Trevor Tayor is een van de drie coureurs die in de jaren zestig door Lotusbaas Colin Chapman wordt opgeroepen om als tweede rijder naast Jim Clark te figureren. Over de rolverdeling bestaat geen enkel misverstand: Clark is Chapmans persoonlijke idool. Wie de tweede auto bestuurt is bijzaak. De status van Clark is al duidelijk voordat de Schot echt iets heeft laten zien in de Formule 1.

In 1960 komt Clark via het Formule 2-team van Lotus de Grand Prix-wereld binnen, waar hij teamgenoot wordt van Innes Ireland. Ireland wint in 1961 als eerste coureur een Grand Prix voor het ‘fabrieksteam’ van Lotus – Stirling Moss wint er in 1960 twee, maar doet dat in een Lotus van het privéteam van Rob Walker – maar wordt vrijwel direct daarna een de kant gezet. De ruwe Ireland, die houdt van drank, vrouwen en feestvieren, past niet meer in het plaatje van Colin Chapman, die in de bescheiden, perfectionistische Clark zijn ideale coureur heeft gevonden.

Gouden Rolex

“En toen belde Chapman mij op met de vraag of ik naast Clark de tweede rijder wilde worden”, vertelt Taylor in 1981 tegen Motorsport Magazine. Zodoende wordt hij de eerste van drie Britse coureurs die in de jaren zestig de taak krijgen Clark te flankeren. Voor Taylor is dat allesbehalve een ondankbare taak. “Soms probeerde ik Jimmy te volgen. We hadden totaal verschillende rijstijlen en ik wist dat ik nooit zou kunnen wat hij kon. Hij was een natuurtalent.”

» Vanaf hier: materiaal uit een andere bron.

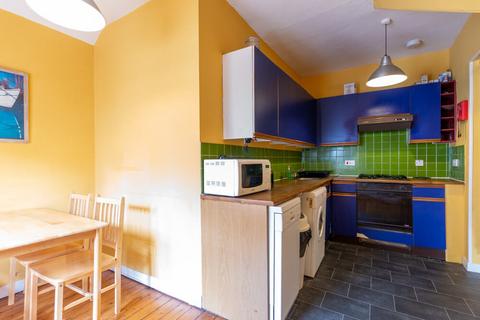 1 bedroom flat to rent, 0046L – Cockburn Street, Edinburgh, EH1 1BS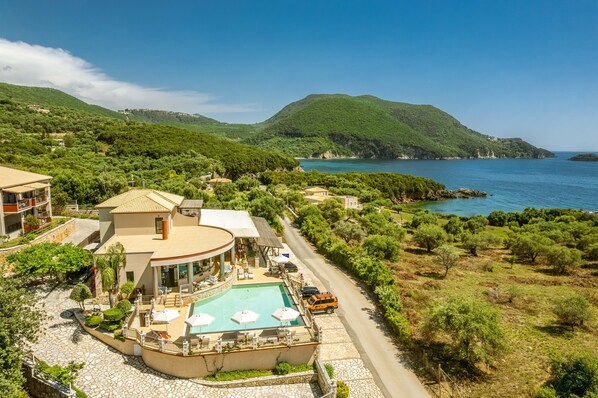 Exterior - 3 Aktes Suites & Studios (Igoumenitsa)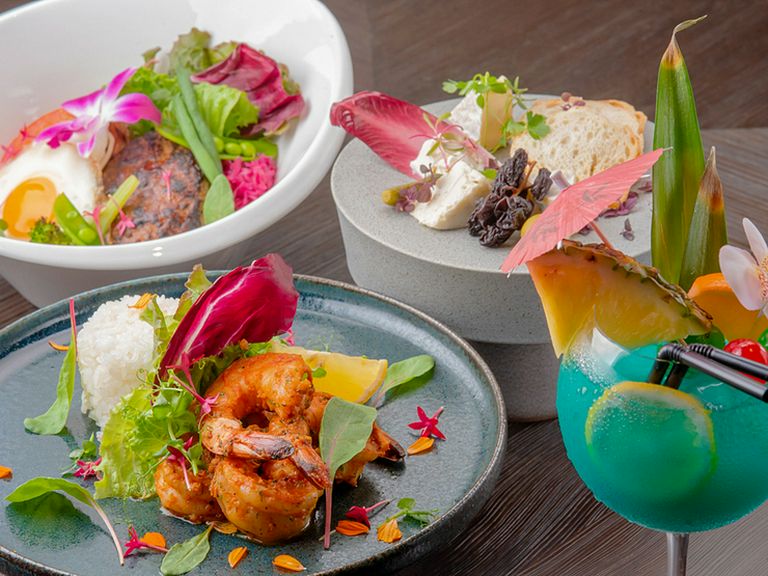 『ロコモコ』に『ブルーハワイ』、映えるメニューが揃ってる!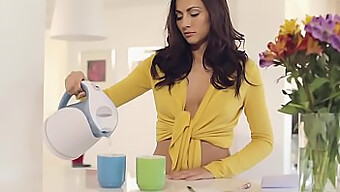 Caffè Per Due: Un Video Metart Con Michaela Isizzu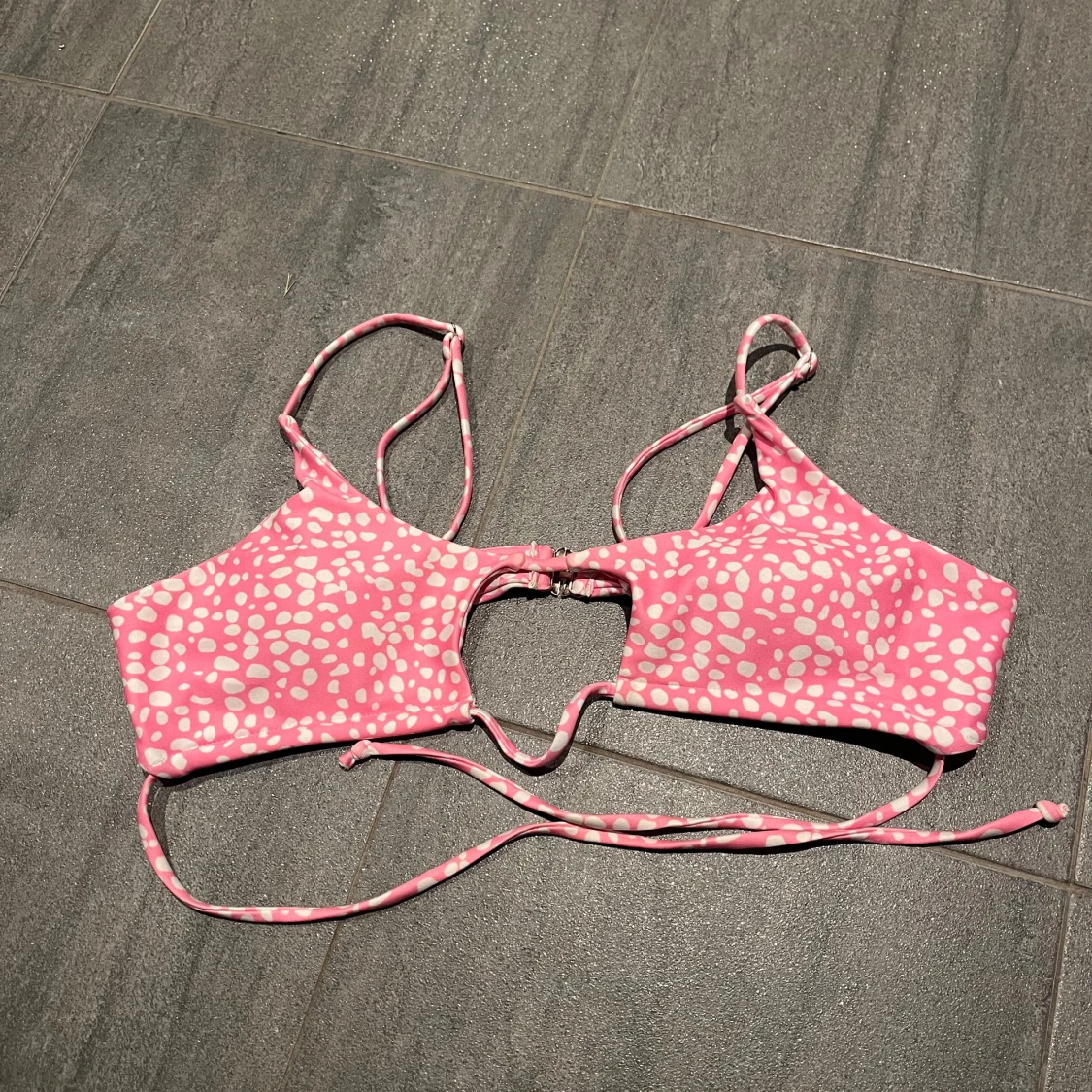 Rosa bikiniöverdel med vita prickar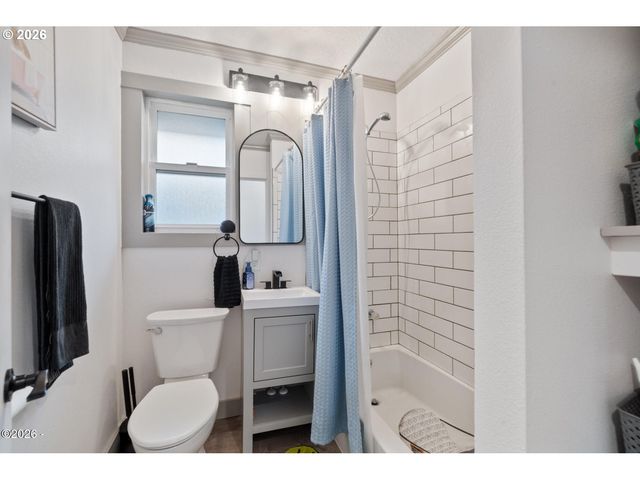 409 DEL MONTE Ave, Tillamook, OR 97141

(Tekst gaat verder onder foto)

Trevor Taylor (l) en Jim Clark (r) in 1962 voor de Grand Prix van Monaco (Motorsport Images)

Zijn bescheidenheid ten spijt kan Taylor zelf ook aardig sturen: in 1962 leidt hij de Grand Prix van Mexico, totdat Chapman hem sommeert zijn auto af te staan aan Clark, die bij de start is gediskwalificeerd omdat zijn auto moet worden aangeduwd. Clark wint de race, in de annalen krijgen hij en Taylor beiden de zege toegeschreven. “Maar alleen Jim kreeg de gouden Rolex die voor de winnaar was gereserveerd, want daarvan hadden ze er maar één”, aldus Taylor. “Na afloop gaf Jim hem aan mij. Ik heb hem nog steeds.”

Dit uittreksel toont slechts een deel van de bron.